September 29, 2024
Erin Brockovich Protests PG&E Bankruptcy Plan at State Capitol
Lawyer Says She Doesn’t Believe PG&E Will File for Chapter 11
On the steps of the California state Capitol, former state Sen. Noreen Evans said she believes PG&E won’t go through with Chapter 11 reorganization.

By Hudson Sangree

SACRAMENTO, Calif. — Could PG&E’s announcement that it plans to file for bankruptcy Jan. 29 be a ploy? A lawyer representing thousands of wildfire victims said she thinks it’s quite possible.

On the steps of the California state Capitol Tuesday, former state Sen. Noreen Evans, now a plaintiffs’ attorney, said she believes PG&E won’t go through with filing for Chapter 11 reorganization at the end of the month, as it has said it would.

Former state Sen. Noreen Evans, now a lawyer representing fire victims, said PG&E’s planned bankruptcy filing is a ploy to get lawmakers to intervene. | © RTO Insider

The utility’s move likely is an attempt to get California’s new governor, Gavin Newsom, and lawmakers to intervene, Evans said.

“I think there’s a very huge possibility they won’t file as planned,” Evans said. “It would open a can of worms.”

If PG&E, the state’s largest utility, were to enter bankruptcy, it would call into question billions of dollars in energy contracts and payments to CAISO, among other obligations. (See PG&E Meltdown Could Cost CAISO Members, Generators.)

Evans, whose former district includes areas of Santa Rosa, Calif., devastated by wildfires in 2017, is now part of a legal team representing 4,000 fire victims in the state’s catastrophic blazes during the past two years.

The ex-lawmaker joined famed PG&E foe Erin Brockovich at the Capitol to protest the utility’s alleged efforts to avoid financial liability for the Camp Fire, which killed 86 residents and destroyed the town of Paradise, Calif., in November 2018. The wildfire was by far the deadliest blaze in state history.

Brockovich urged California leaders to do more than have a seat at the table in deciding PG&E’s fate. “Be the head of the table and take control of this runaway monopoly,” she said.
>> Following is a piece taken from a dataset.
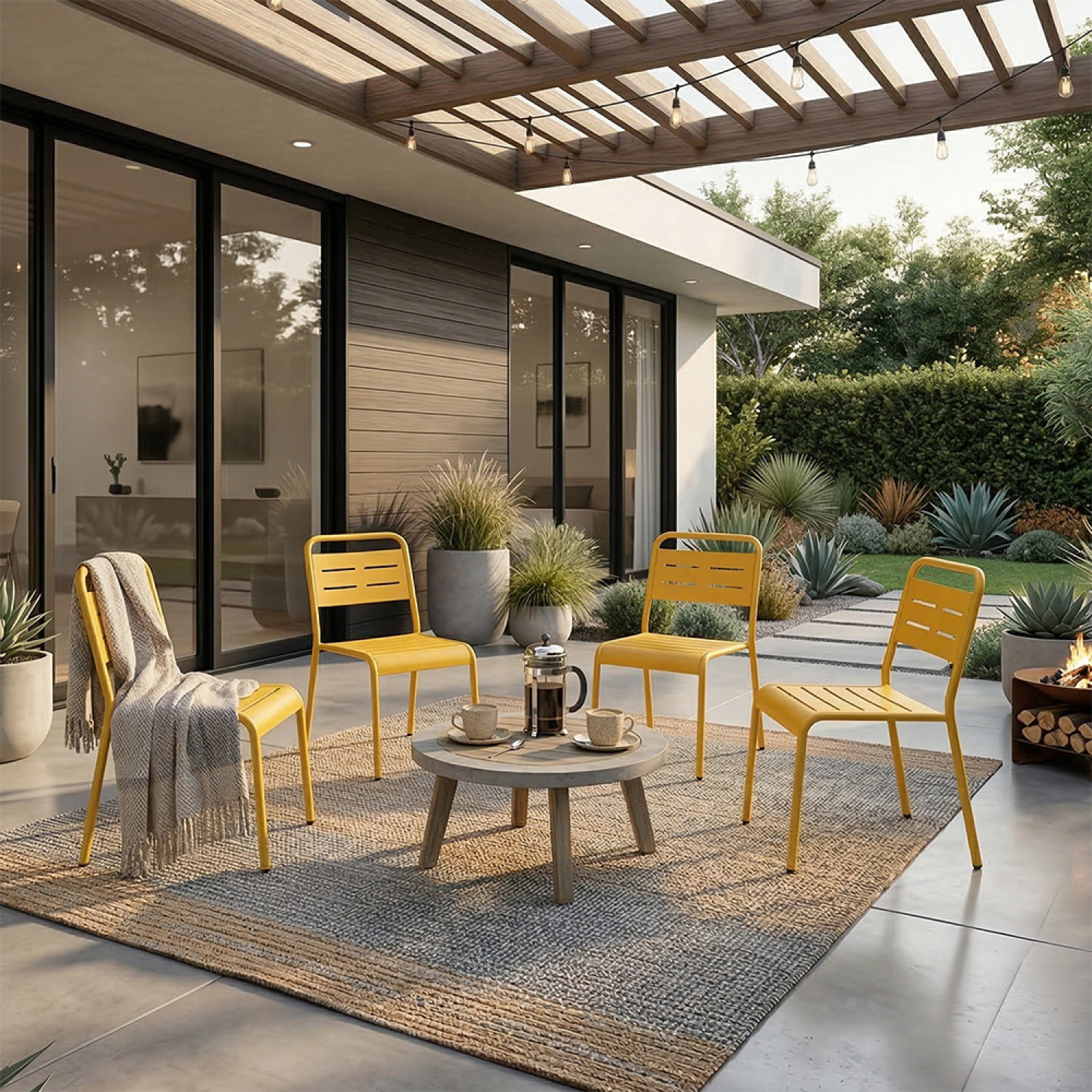Ensemble de 4 chaises de jardin empilables jaunes EVORA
Erin Brockovich addresses a crowd of fire victims and reporters on the steps of the California state Capitol. | © RTO Insider

Brockovich gained movie fame after she helped build a case against PG&E in the 1990s for polluting the desert town of Hinkley, Calif., with hexavalent chromium. She has remained one of the utility’s most prominent critics.

Brockovich, Evans and other victim advocates don’t want PG&E to enter bankruptcy because it would put plaintiffs and their lawyers in line for payment behind PG&E’s secured creditors. A bankruptcy judge would parcel out compensation, not jurors.

Investors, too, are arguing against PG&E’s bankruptcy plan. BlueMountain Capital, a major shareholder, sent the utility a second letter this week urging it to postpone filing for bankruptcy protection and arguing bankruptcy is unwarranted. PG&E shareholders would likely lose their investments in a Chapter 11 reorganization.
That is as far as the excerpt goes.